Without turning a blind eye

Aussie director coming here for festival.

Balibo 311 (photo credit: Courtesy)
Balibo 311
(photo credit: Courtesy)
‘East Timor is just an hour by plane from Darwen [Australia], and there were killing fields on our doorstep from 1975 to 1999,” says Robert Connolly.
“That period is a dark spot in Australian history.” Connolly is the director of Balibo, the opening feature in the seventh AICE Australia Israel Film Festival, which kicked off on Sunday at the Jerusalem Cinematheque and opens tonight (Thursday) at the Nazareth Cinematheque. The festival then moves on to cinematheques in Tel Aviv and Haifa, where it runs through July.

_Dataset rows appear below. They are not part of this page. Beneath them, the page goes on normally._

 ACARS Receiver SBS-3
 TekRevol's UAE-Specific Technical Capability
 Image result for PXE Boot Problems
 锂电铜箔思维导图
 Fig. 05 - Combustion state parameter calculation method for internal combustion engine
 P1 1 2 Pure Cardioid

But through his film – a fact-based, quasi-documentary and very suspenseful drama – Connolly tries to shed some light on this time. The massacres of Timorese citizens by Indonesian forces, which claimed approximately 200,000 lives during this 24- year period, were largely ignored at the time, by both Australia and the rest of the world. In fact, Connolly insists, Australia used the Indonesian conquest of the tiny nation (its current population is just about one million) for economic benefit.

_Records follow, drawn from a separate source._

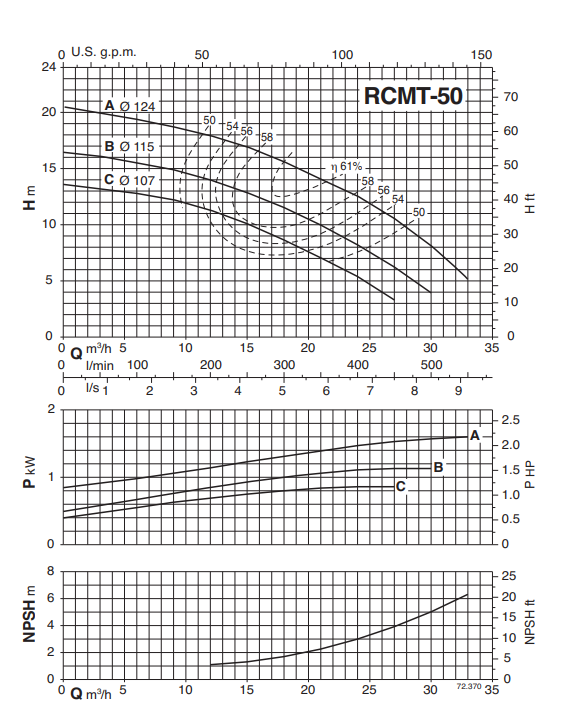 RCMT-50 Performance Curve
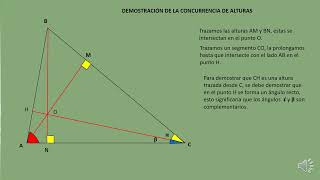 Demostración del Ortocentro [upl. by Nailuj]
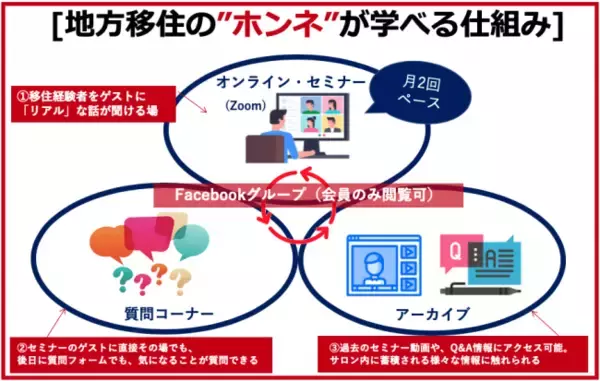 ネイティブ株式会社が、移住者の生の声からリアルを学べるオンラインコミュニティ【地方移住”ホンネ”サロン】をスタート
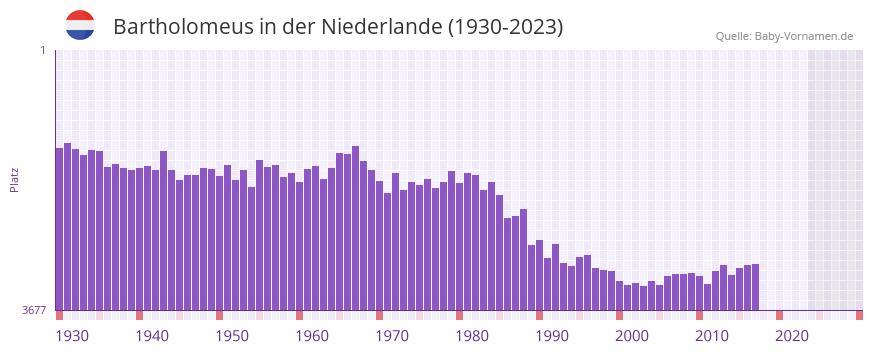 Bartholomeus in der Vornamen-Hitliste von der Niederlande (1930-2023)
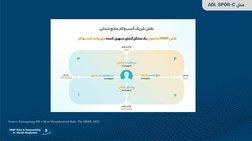 8
HRBP Roles & Responsibility
Dr. Moradi-Moghadam
‌مدلADL SPOR-C
Source: Reimagining HR’s Most Misunderstood Role: The HRBP,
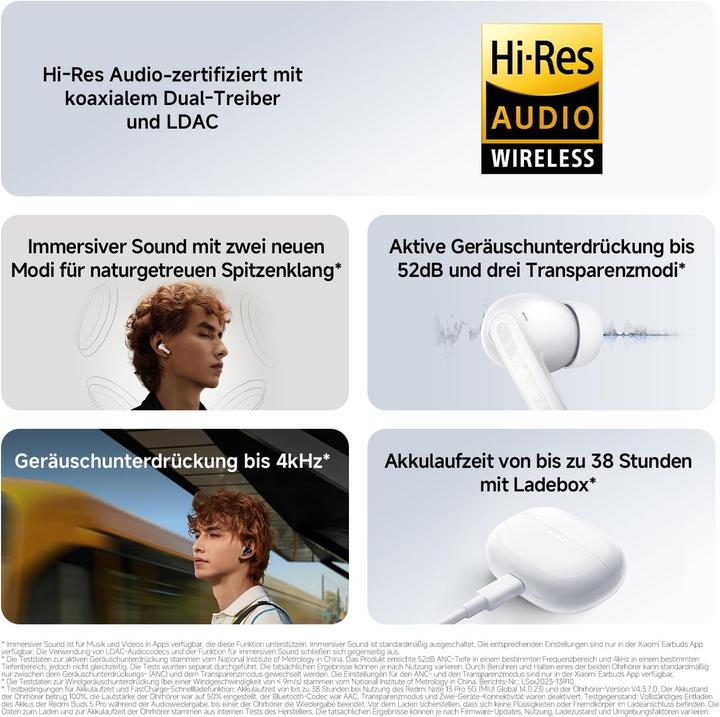 Image du produit Xiaomi Redmi Buds 5 Pro (ANC, 10 h, Sans fil)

“The foreign ministers of Australia and Indonesia flew over the gas fields of East Timor and had French champagne to celebrate dividing them up,” Connolly says.
The focus of the film is the disappearance of five Australian journalists who went to East Timor in 1975, just after the nation declared its independence from Portuguese colonial rule, and just as Indonesia was preparing to invade. After the journalists went missing, veteran Australian reporter Roger East went to East Timor to try to discover what had happened to them.
East is played by Anthony LaPaglia, an actor who may be best known for his lead role in the television series Without a Trace but who has also appeared in many acclaimed films, in both Australia and the US, including Lantana and Spike Lee’s Summer of Sam.
ALTHOUGH CONNOLLY uses East and his quest to find the missing men as a “point of entry into the story,” he says, “I didn’t want this to be one of those ‘white man saves the Third World’ stories.” So he brought in other characters as well, including Juliana (Bea Viegas), a woman in contemporary East Timor who met East when she was a child, and who witnessed a key incident involving the Australian.
But the Timorese point of view is most fully expressed by a fictionalized version of Jose Ramos-Horta, played by Oscar Isaac. Horta, currently the president of East Timor and a former prime minister, was also a co-recipient of the 1996 Nobel Peace Prize.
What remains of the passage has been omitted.